> [Exercise objective] If pictures appear, leave them out, and return exactly the lines from the one holding "Ortensia Tropeano Fashion" through the last line of the listing below.

> [Material for this task]
((

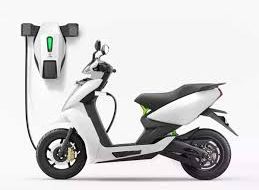 Electric 2-wheeler penetration may reach 25-35 pc by 2030 in India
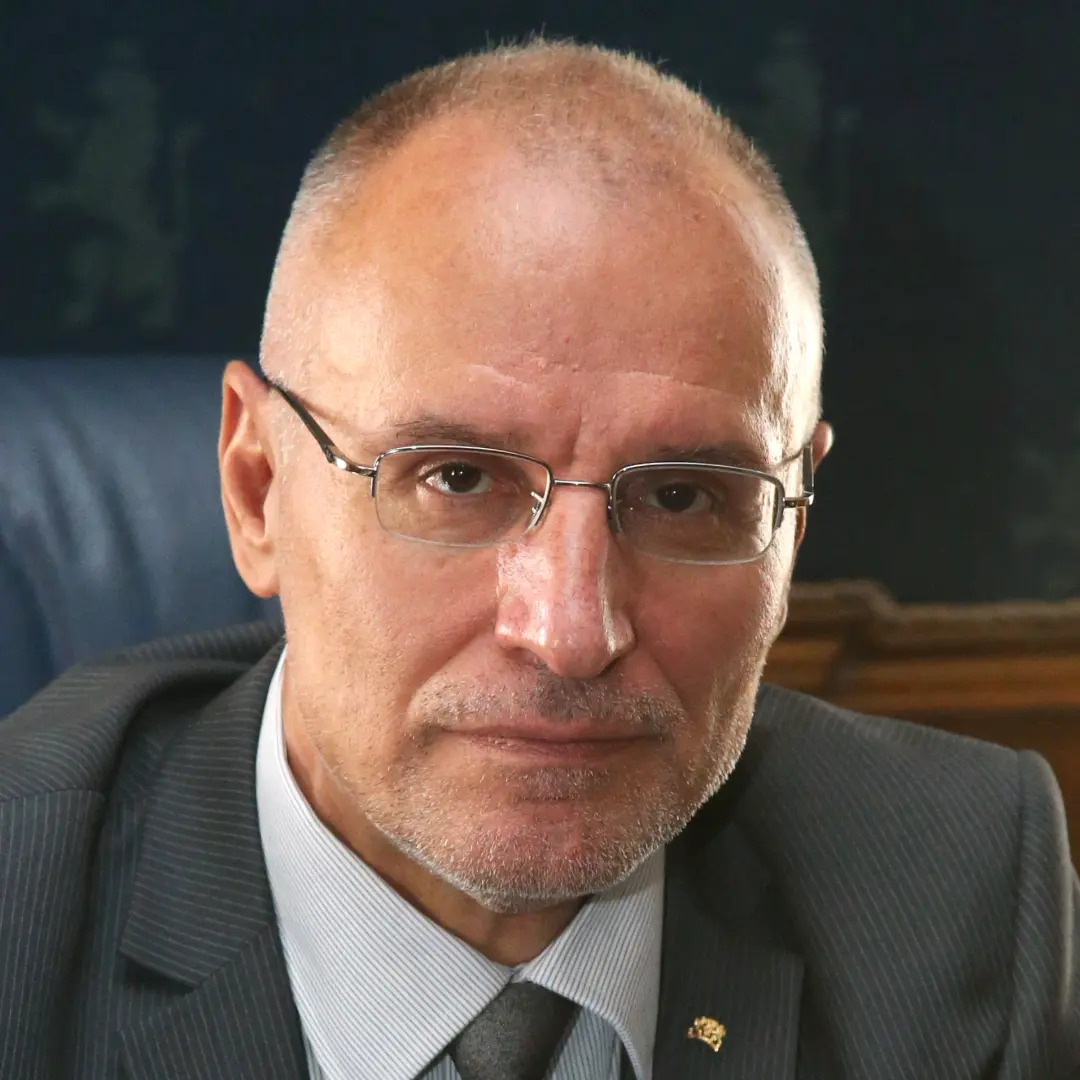 dimitar-radev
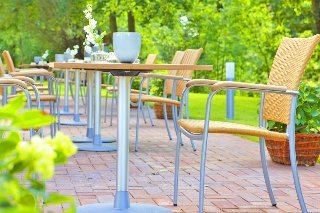 Hotel Relais Du Silence Kur Und Wellnesshaus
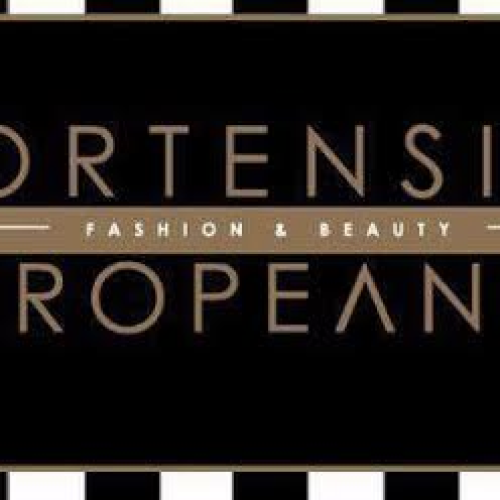 Ortensia Tropeano Fashion & Beauty. Estetica, Make Up, Trendy Bar, Fashion Corner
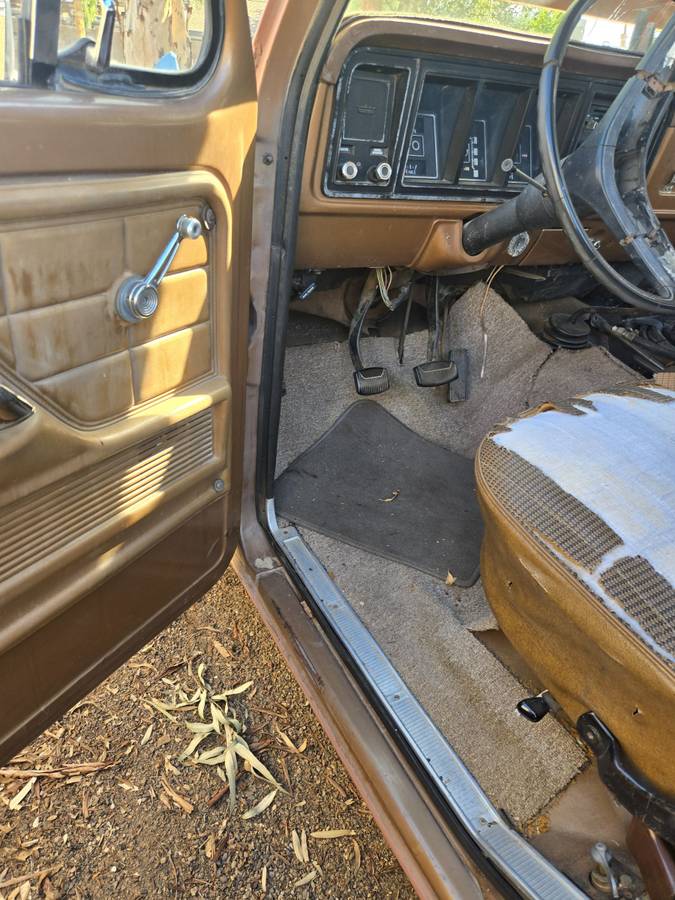F250-1974-brown-15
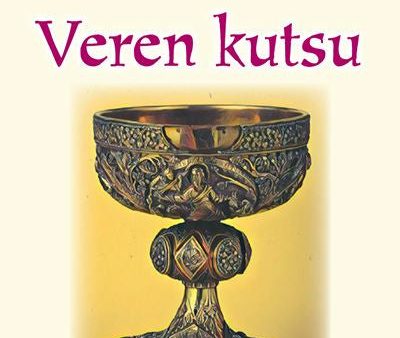 Veren kutsu Hot on Sale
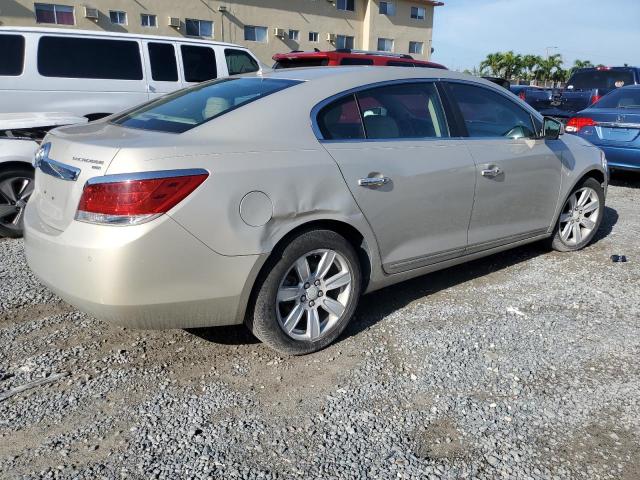 Photo 2 VIN: 1G4GC5ED7BF271311 - BUICK LACROSSE C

))

> [Solution to this task]
 Ortensia Tropeano Fashion & Beauty. Estetica, Make Up, Trendy Bar, Fashion Corner
F250-1974-brown-15
 Veren kutsu Hot on Sale
 Photo 2 VIN: 1G4GC5ED7BF271311 - BUICK LACROSSE C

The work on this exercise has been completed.